Looking at data.syncthing.net / relays.syncthing.net, I find myself wondering – does syncthing need more relays? More than a simple “yes / no”, I’m actually interested in how one would figure it out for themselves. I wonder if it’d be worth adding a graph of relay network capacity vs current usage?

(It seems that there’s no current measurement for capacity on the stats page, and most relays seem to be configured as ‘unlimited’, which doesn’t help - maybe ‘peak observed traffic’ would be a good approximation, so we could graph sum(relay.peak_kbps for relay in active_relays) vs sum(relay.current_kbps for relay in active_relays)?)

This would actually be doable now since the last few days, when Audrius added more metrics to the relay pool server.

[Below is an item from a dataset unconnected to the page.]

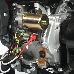 Измельчитель бензиновый PATRIOT PT SB200 E, 13л.с. электрозапуск, макс диаметр веток 100мм, фото 8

Spontaneously I’d guess that the traffic will grow to swallow all available bandwidth no matter how much is added (… within reason, of course), but the question is does that matter? I think it’s understood that connections via relay will be slow and are only used as a last resort. If it syncs at 1 Mbps or 10 Mbps doesn’t really matter much from that point of view.

Does that matter?

tl;dr: It is mostly for my own curiosity and whimsy, being interesting rather than important

The backstory of how I ended up thinking about this:

• Relays are sometimes slow (I had a sync going at ~0.2Mbps)
• Which led me to attempt to set up a private relay, on the baseless assumption that the public ones were overloaded (it would be interesting to know if the whole relay network is overloaded, or if my client just randomly selected a slow one)
• While I was trying and failing to get a private relay working, relaying via public servers became fast (250Mbps over wifi - even faster than a 1:1 ethernet connection between the two laptops I assume that ethernet was bottlenecked by the 100Mbps USB adapter…)
• Since I already had strelay installed on my server, I decided to switch it to public mode and leave it running (the server is mostly doing I/O and CPU work, the unmetered 100Mbps network is idle, might as well donate that to a good cause)
• Over the past week it’s been relaying 10-20Mbps, nowhere near maxed out (this is making me wonder if the relay network has a ton of spare capacity, or if there’s some other bottleneck which is stopping my server from reaching 100Mbps)
• I’m now wondering if there would be any benefit installing strelay on my other servers, but can’t come to a conclusion, since I don’t know if my current server is genuinely idle vs bottlenecked somewhere

This is just luck, landing on a faster relay. This is last resort connections, we don’t really care how slow or fast they are.

It seems sad to not care at all; even just for the sake of making evidence-based engineering decisions, if I were running the network I would want to know if it actually IS maxed out or not, because our gut feelings and the tiny bit of data presented so far seem like they directly oppose each other…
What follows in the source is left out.